Yearn-Worthy Yarns: Hope Spinnery

Hope Spinnery Maine YarnsNestled in the peaceful beach bordering countryside of southern Maine, you’ll find one of the most sustainable yarn companies on the planet. Unexpected, no?

Hope Spinnery has prided itself on being as eco-friendly as possible: the fiber processing mill is run completely on wind power captured on-site; all fibers are purchased locally from sustainably-dedicated Maine farms; only Earth-friendly soaps and natural dyes are used on the yarns; by-products from the spinning process are reused elsewhere at the mini-factory.

The company’s yarn, made from mostly wool and alpaca, are available by skein and in 6 different patterns kits (5 hats and 1 mitten pattern to choose from). Hope Spinnery recently launched their online store, so you can see the stock they have right away and choose the color and fiber that would be perfect for your next project.

“We believe that each person’s relationship to fiber, art and life is unique. We respect the individuality of our customers and work with each person to create something original and satisfying. Our commitment is to process fiber and create yarn through natural methods while enjoying ourselves every step of the way. Hope Spinnery is about doing what you love and meeting others along the way who are doing the same,” says their website – spoken like true fiber-lovers.

Along with spinning their own collection of yarns, Hope Spinnery also offers custom processing services for any fiber you provide. Want to try spinning yourself (it is more fun than I expected)?
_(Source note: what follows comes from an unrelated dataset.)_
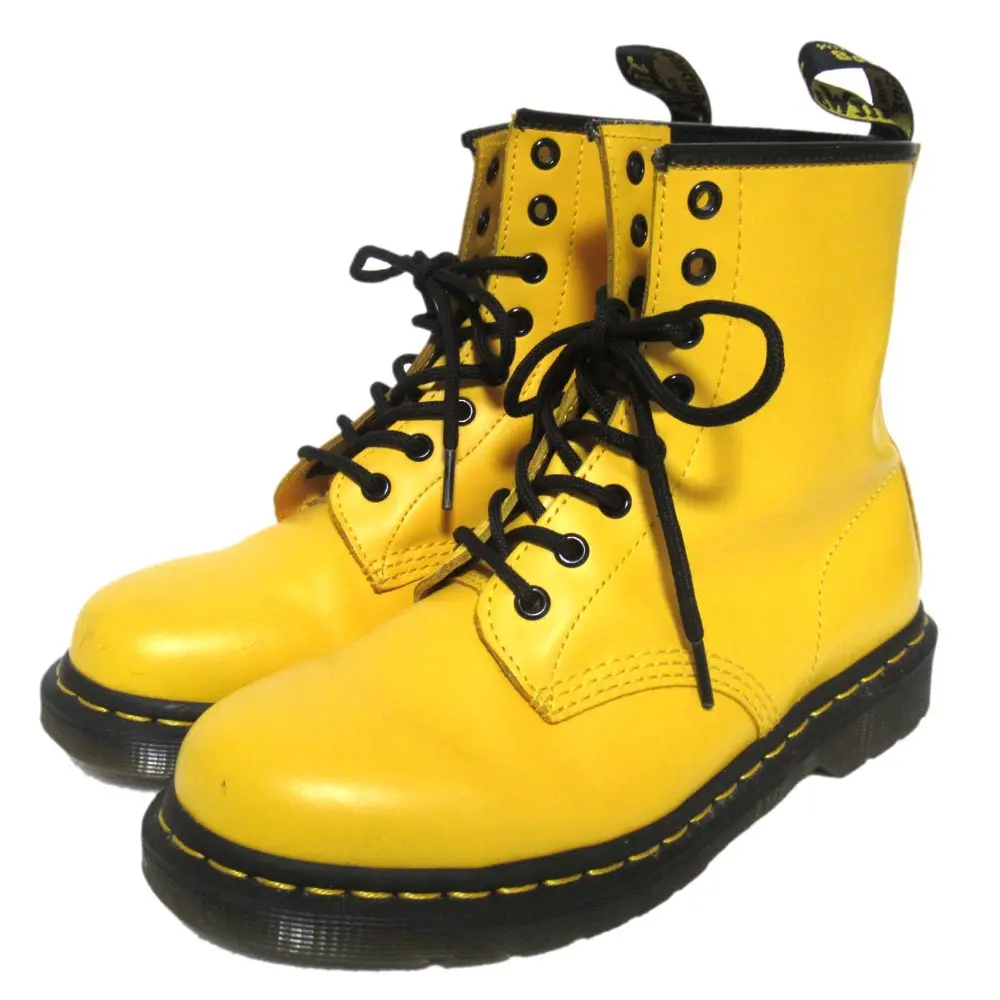 DR. MARTENS ドクターマーチン 1460 8ホールブーツ レースアップ ショートブーツ サイズUK5 24cm相当 イエロー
Check out Autumn’s recent post about the art and process of hand-spinning yarn.

[Image: Hope Spinnery’s Gentian Yarn in Medium Purple]

Who makes your favorite sustainable yarns?

Which natural fiber is your favorite to work with? (i.e. cotton, wool, bamboo, hemp … etc.)

Let us know what you love to create with and we might feature them in the next installment of Yearn-Worthy Yarns!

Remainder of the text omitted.